"""
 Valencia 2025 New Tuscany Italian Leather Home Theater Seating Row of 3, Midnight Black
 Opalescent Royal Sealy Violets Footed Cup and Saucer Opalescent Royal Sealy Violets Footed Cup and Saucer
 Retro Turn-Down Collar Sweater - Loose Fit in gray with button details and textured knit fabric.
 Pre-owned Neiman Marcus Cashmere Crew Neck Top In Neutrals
"""
"""
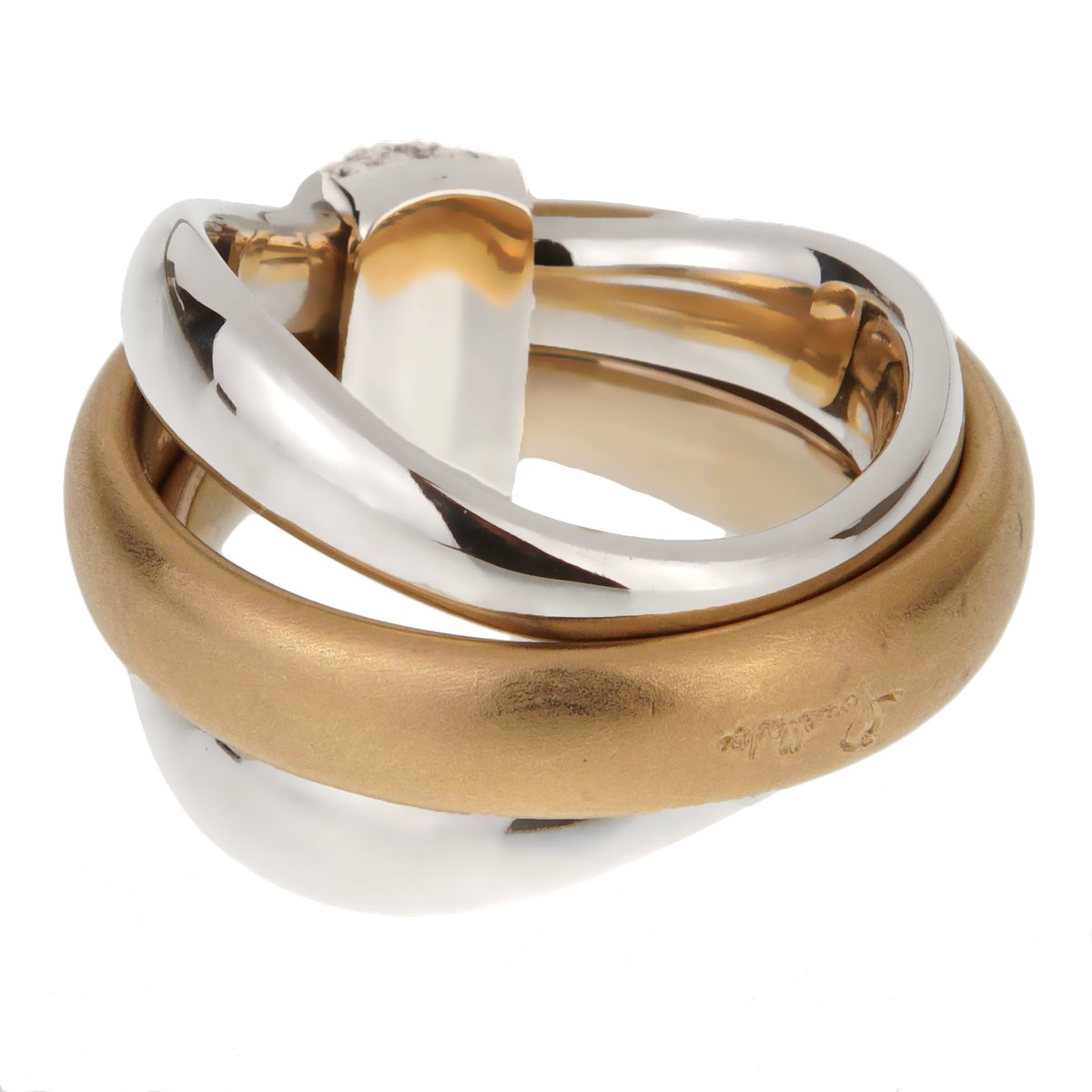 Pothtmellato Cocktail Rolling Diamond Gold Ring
"""
> **Your instructions**
From the line that has "Retro Turn-Down Collar" through the line that has "Pre-owned Neiman Marcus", copy every line exactly as it appears above, and leave out all others.

> **Task output**
 Retro Turn-Down Collar Sweater - Loose Fit in gray with button details and textured knit fabric.
 Pre-owned Neiman Marcus Cashmere Crew Neck Top In Neutrals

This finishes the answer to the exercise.